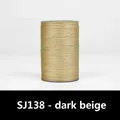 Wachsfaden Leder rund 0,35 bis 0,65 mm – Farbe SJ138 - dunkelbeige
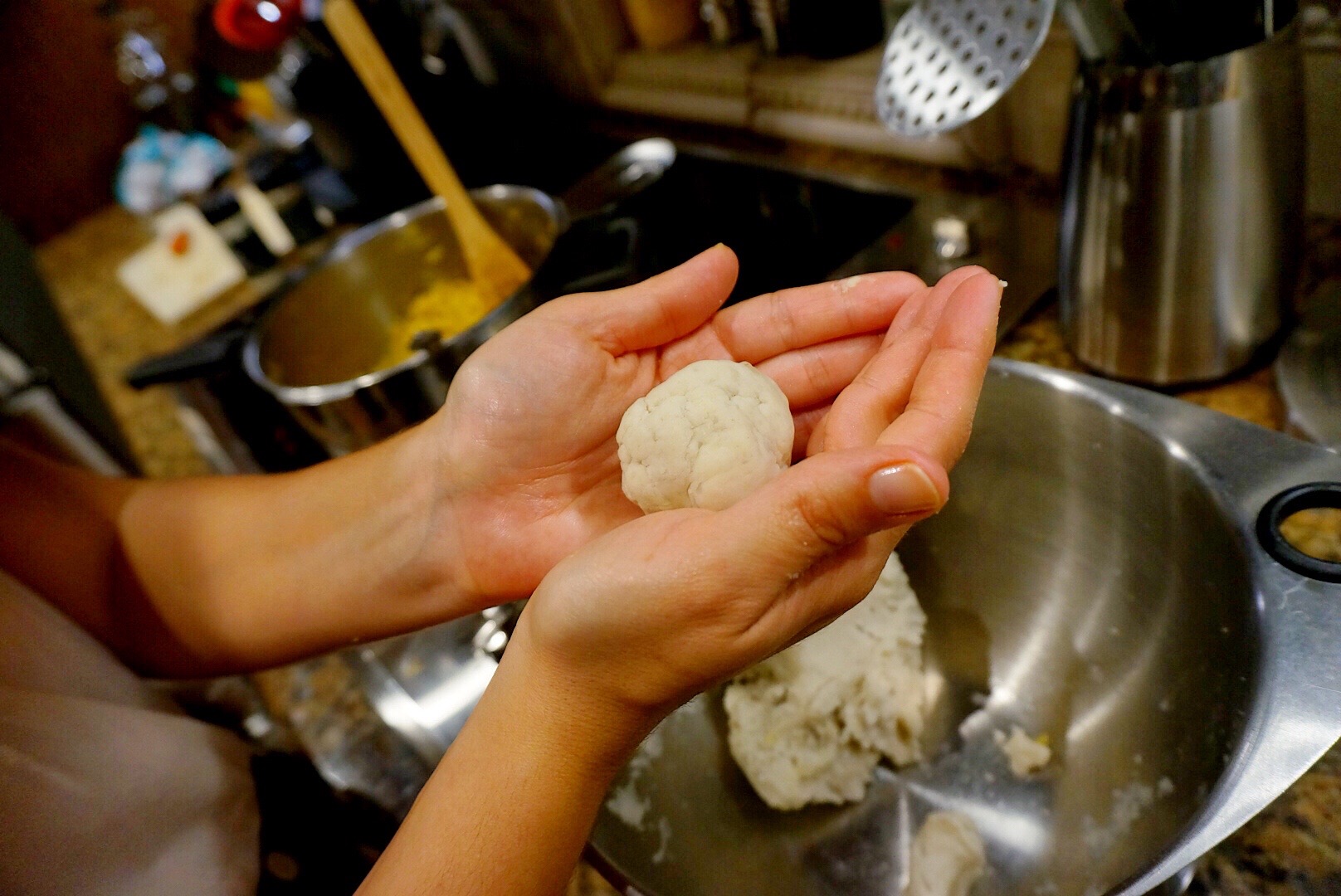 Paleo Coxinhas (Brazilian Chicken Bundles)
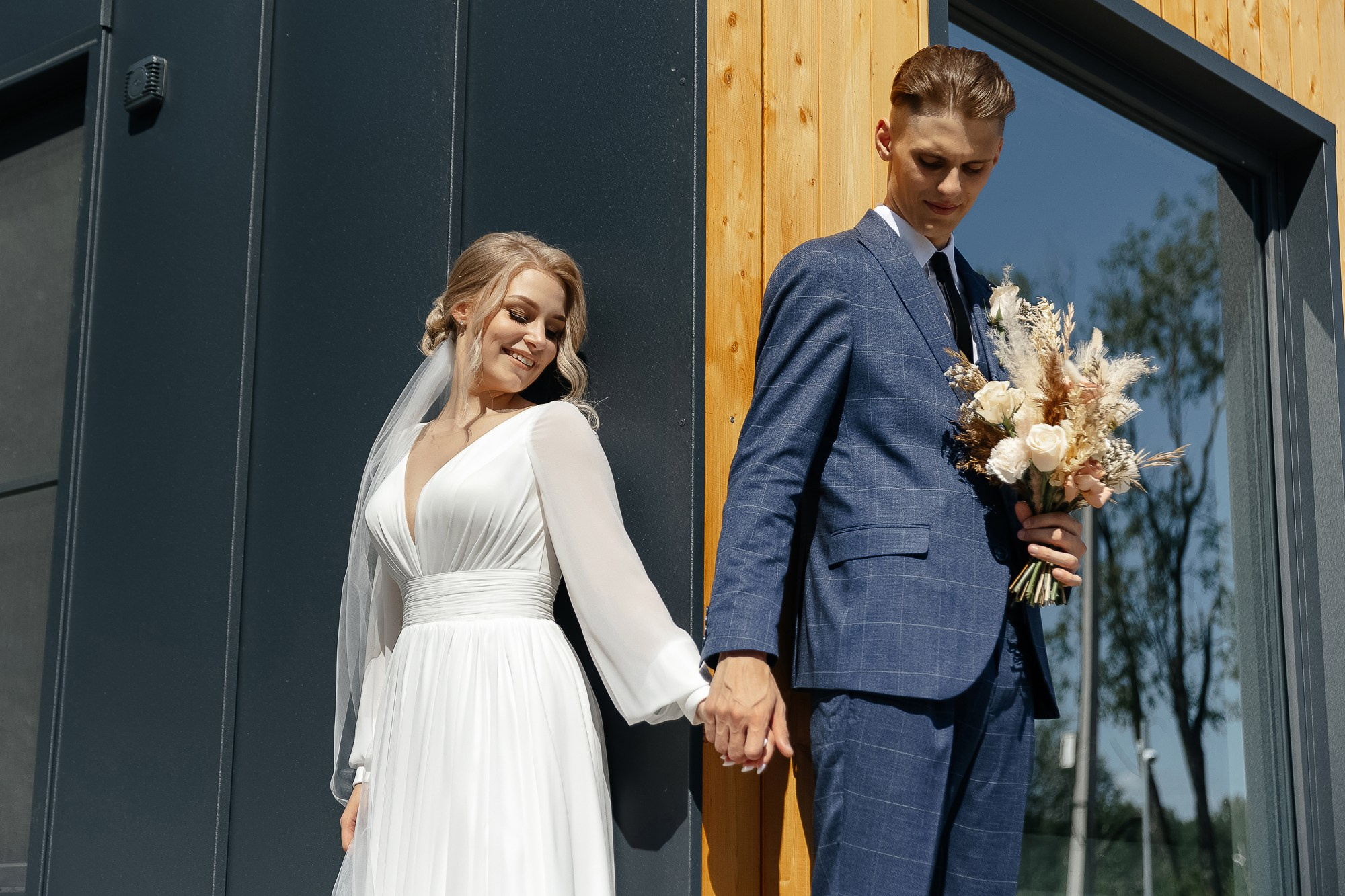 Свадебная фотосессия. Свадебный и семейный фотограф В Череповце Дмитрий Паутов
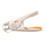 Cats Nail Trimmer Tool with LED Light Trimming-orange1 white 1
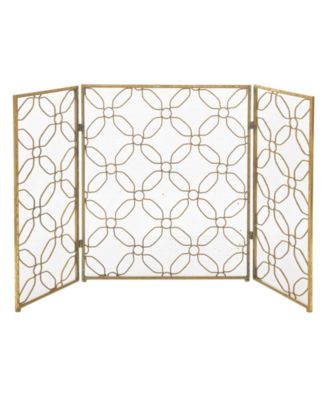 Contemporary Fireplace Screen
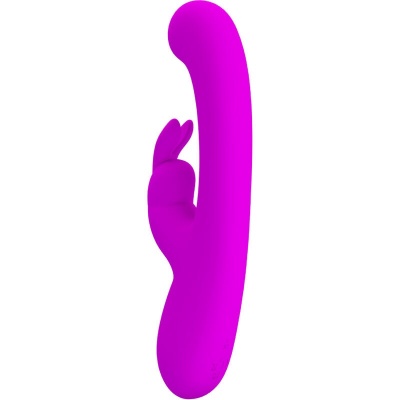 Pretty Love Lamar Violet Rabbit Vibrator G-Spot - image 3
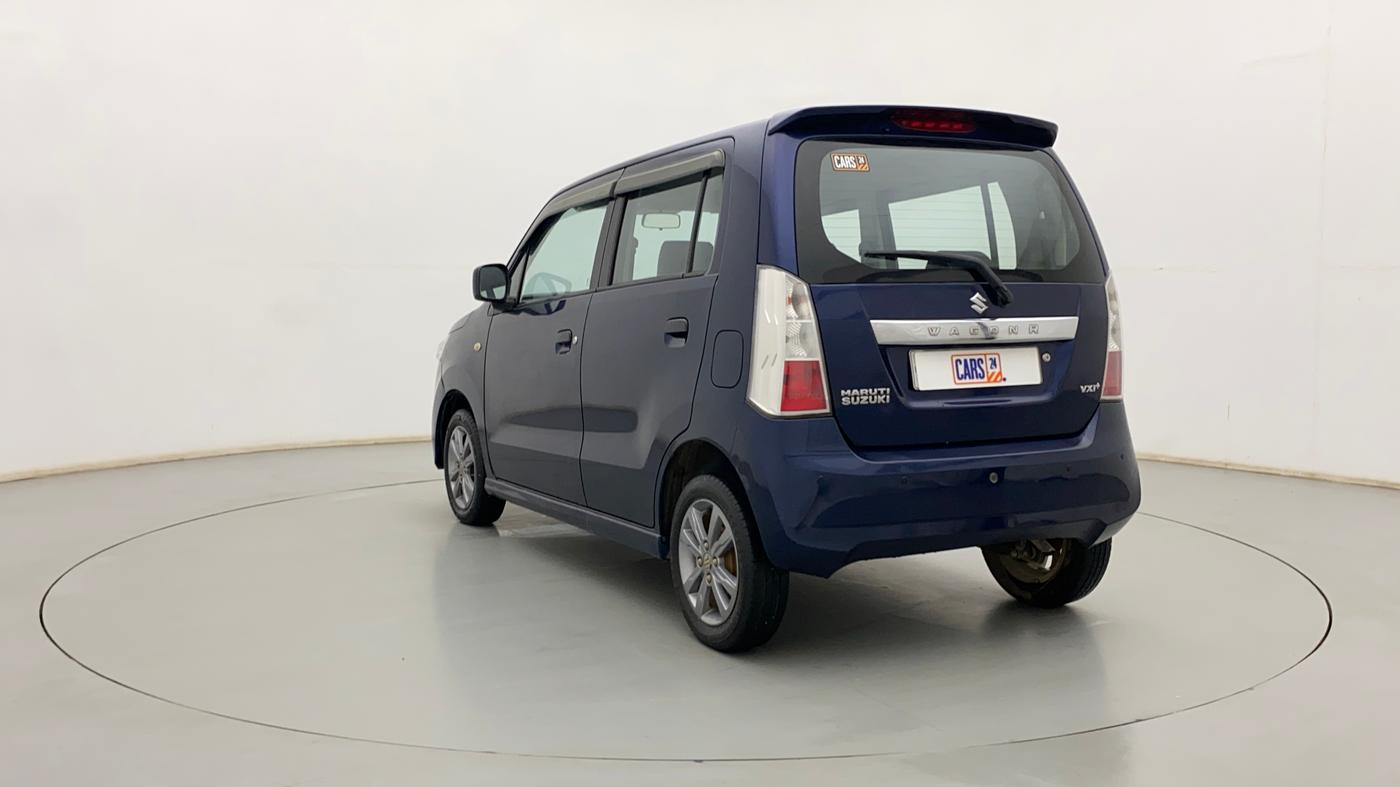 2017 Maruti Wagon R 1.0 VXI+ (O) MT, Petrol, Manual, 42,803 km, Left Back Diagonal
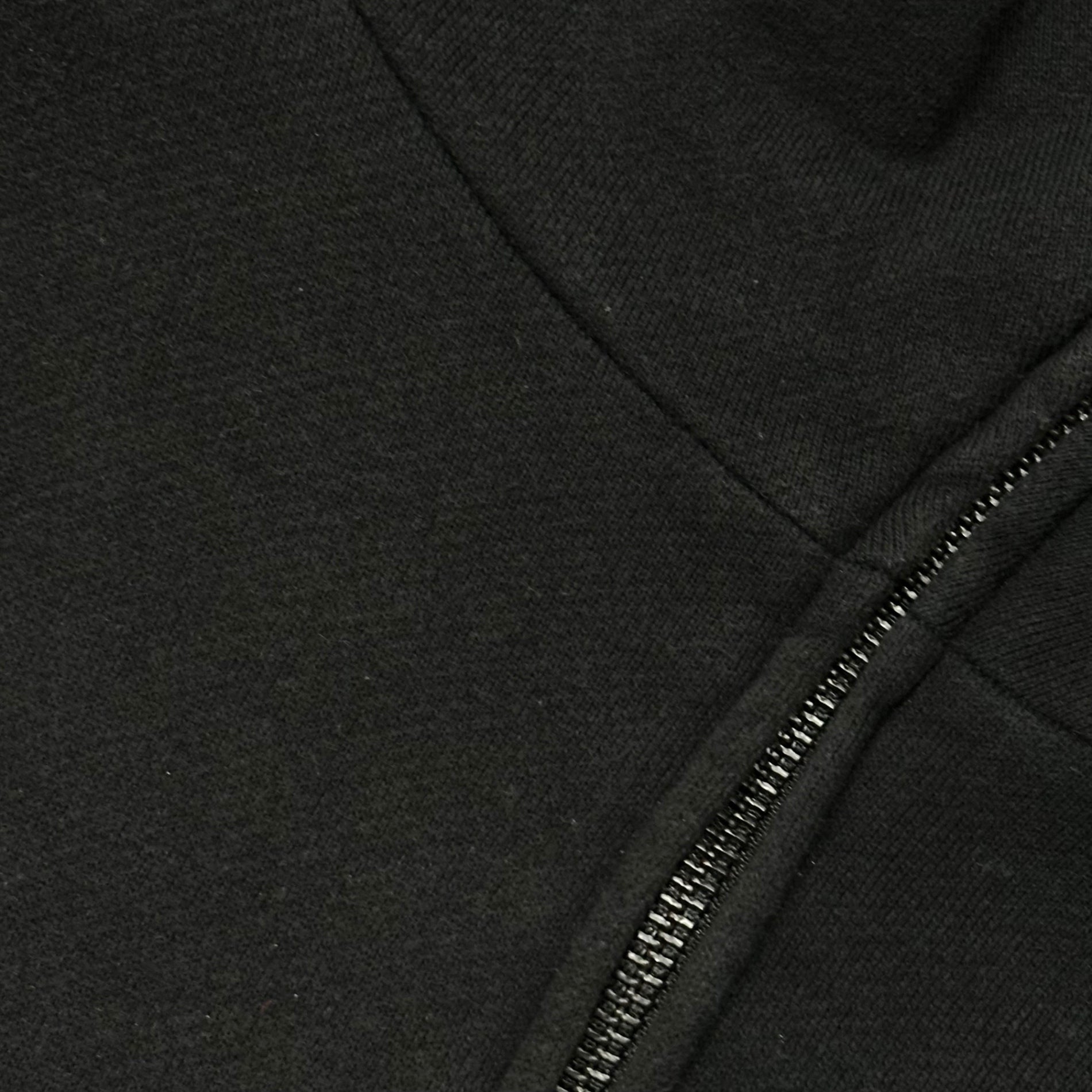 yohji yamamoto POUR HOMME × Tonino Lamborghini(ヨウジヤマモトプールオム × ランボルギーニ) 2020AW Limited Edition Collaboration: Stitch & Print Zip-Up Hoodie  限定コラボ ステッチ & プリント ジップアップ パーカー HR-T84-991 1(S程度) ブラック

* * *

## YOUR ASSIGNMENT:
Copy the listing character for character, pictures omitted.

## RESPONSE TO THE EXERCISE:
 Wachsfaden Leder rund 0,35 bis 0,65 mm – Farbe SJ138 - dunkelbeige
 Paleo Coxinhas (Brazilian Chicken Bundles)
 Свадебная фотосессия. Свадебный и семейный фотограф В Череповце Дмитрий Паутов
 Cats Nail Trimmer Tool with LED Light Trimming-orange1 white 1
 Contemporary Fireplace Screen
 Pretty Love Lamar Violet Rabbit Vibrator G-Spot - image 3
 2017 Maruti Wagon R 1.0 VXI+ (O) MT, Petrol, Manual, 42,803 km, Left Back Diagonal
 yohji yamamoto POUR HOMME × Tonino Lamborghini(ヨウジヤマモトプールオム × ランボルギーニ) 2020AW Limited Edition Collaboration: Stitch & Print Zip-Up Hoodie  限定コラボ ステッチ & プリント ジップアップ パーカー HR-T84-991 1(S程度) ブラック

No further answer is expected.